Here's how to make players meet their goals
By ZHANG ZHOUXIANG | chinadaily.com.cn | Updated: 2024-09-10 15:49
The General Administration of Sport of China and the Ministry of Public Security held a joint news conference on Tuesday about their crackdown on match fixing, betting and biased refereeing in the soccer sector, following which 83 staff members were detained among which 44 sentenced to jail for varying years.
This is not the first crackdown against corruption in the domestic soccer sector. Since the early 1990s several corruption cases in the domestic soccer sector have emerged, with soccer players, officials, coaches and judges all being involved. That move has hit the point because corruption is a key cause for the state of things that when China lost 0-7 to Japan on Thursday, on which somebody mocked on social media that livestreamers were unable to show the score as they had only prepared scorecards showing a maximum of six goals.
Among the problems in the domestic soccer sector, one must be lack of real professionalism despite the professionalization reform that started in 1993. Clubs were formed, but power and responsibility were not clearly earmarked between clubs and multiple soccer associations, with the latter still having a too big say in organizing matches. In some sense, it is the huge power they wield that has made soccer officials abuse it to end up in jail.

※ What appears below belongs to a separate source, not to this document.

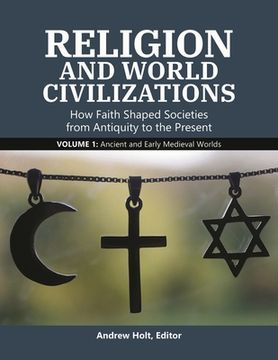 portada Religion and World Civilizations: How Faith Shaped Societies from Antiquity to the Present [3 Volumes] (in English)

Besides, the youth training system of domestic soccer players is unsustainable. A Sporting Intelligence report in 2019 showed that the average annual salary of Chinese Football Association Super League players was $1.05 million, ranking 6th globally among the major sport leagues. Such high pay traps domestic players, curbing them from seeking an improvement in skills overseas.
On the other hand, the high salary does little to attract more Chinese youth to the soccer field because most soccer players come from professional sporting schools, where they generally lag behind in studies. But if these professional sporting school students fail to make it to the national soccer team or any prominent one, they will have little chance of entering a good college, either. That’s why most sport school students quit by the time they are 12 — they cannot bear the risk of failing to make it anywhere in life and instead seek academic education in a middle school.
That’s why soccer is not a popular sport among the domestic youth. Until and unless all Chinese students, and not just professional sport school students, play soccer during recess, or, until Chinese soccer players play in international contests, the men’s national soccer team will not make it to the World Cup.